The political context of the show only sharpens its relevance. Premiering in 1971, All in the Family emerged during the Nixon years, when the “Silent Majority” strategy was weaponizing racial resentment, cultural panic, and working-class anxiety to cement power. Archie was a fictional embodiment of the very demographic Nixon sought to mobilize and manipulate. The show exposed, often bluntly, how economic insecurity was being rerouted into cultural hostility. Watching the show today, it’s impossible to miss how closely that logic mirrors the present, from right-wing media ecosystems to politicians who openly rely on stoking grievances rather than addressing root causes.
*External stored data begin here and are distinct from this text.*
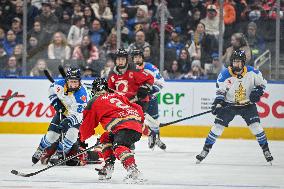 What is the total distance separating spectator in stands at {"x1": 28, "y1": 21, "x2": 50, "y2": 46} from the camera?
13.5 m

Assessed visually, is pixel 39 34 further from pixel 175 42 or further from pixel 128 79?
pixel 128 79

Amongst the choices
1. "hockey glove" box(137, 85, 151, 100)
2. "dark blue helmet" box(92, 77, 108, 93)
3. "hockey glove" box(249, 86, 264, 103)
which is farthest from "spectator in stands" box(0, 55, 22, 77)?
"dark blue helmet" box(92, 77, 108, 93)

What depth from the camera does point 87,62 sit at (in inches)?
535

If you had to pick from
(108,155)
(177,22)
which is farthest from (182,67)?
(108,155)

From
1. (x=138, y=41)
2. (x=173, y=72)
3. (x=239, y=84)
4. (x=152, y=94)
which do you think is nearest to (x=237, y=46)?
(x=173, y=72)

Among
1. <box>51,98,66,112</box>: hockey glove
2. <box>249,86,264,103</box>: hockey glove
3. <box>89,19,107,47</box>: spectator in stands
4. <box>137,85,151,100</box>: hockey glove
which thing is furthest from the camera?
<box>89,19,107,47</box>: spectator in stands

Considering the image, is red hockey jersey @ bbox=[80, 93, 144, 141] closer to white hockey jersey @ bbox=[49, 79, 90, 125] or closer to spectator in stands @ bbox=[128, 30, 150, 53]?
white hockey jersey @ bbox=[49, 79, 90, 125]

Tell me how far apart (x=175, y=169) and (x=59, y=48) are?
5107 mm

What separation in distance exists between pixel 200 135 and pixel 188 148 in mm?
A: 1844

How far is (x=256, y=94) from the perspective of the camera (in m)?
9.54

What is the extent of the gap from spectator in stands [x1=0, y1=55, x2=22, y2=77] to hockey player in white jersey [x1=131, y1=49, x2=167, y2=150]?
2.69m

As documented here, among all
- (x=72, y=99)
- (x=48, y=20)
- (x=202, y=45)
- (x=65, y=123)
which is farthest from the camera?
(x=48, y=20)

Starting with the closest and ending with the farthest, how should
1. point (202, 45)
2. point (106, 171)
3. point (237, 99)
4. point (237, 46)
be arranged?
point (106, 171)
point (237, 99)
point (237, 46)
point (202, 45)

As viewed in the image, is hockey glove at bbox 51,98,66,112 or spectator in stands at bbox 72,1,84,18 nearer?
hockey glove at bbox 51,98,66,112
What makes the show unsettling today is that its satire feels less like a relic and more like a mirror. The demagogic impulses it spotlighted have simply found new platforms. The working-class anger it dramatized has been harvested by political operatives who, like their 1970s predecessors, depend on division to maintain power. The very cultural debates that fueled Archie’s tirades — about immigration, gender roles, race, and national identity—are still being used as tools to distract from wealth concentration and political manipulation.
If anything, the divisions are sharper now because the mechanisms of manipulation are more sophisticated, for much has been learned by The Machine. The same emotional raw material Lear mined for comedy is now algorithmically optimized for outrage. The same social fractures that played out around Archie’s kitchen table now play out on a scale he couldn’t have imagined. But the underlying dynamics haven’t changed at all.
That is why All in the Family feels so contemporary. The country Lear dissected never healed or meaningfully evolved: It simply changed wardrobe. The tensions, prejudices, and insecurities remain, not because individuals failed to grow but because the economic and political forces that thrive on division have only become more entrenched. Until we confront the political economy that kept Archie and Michael locked in an endless loop of circular bickering, the show will remain painfully relevant for another fifty years.
Ahmed Bouzid is the co-founder of The True Representation Movement.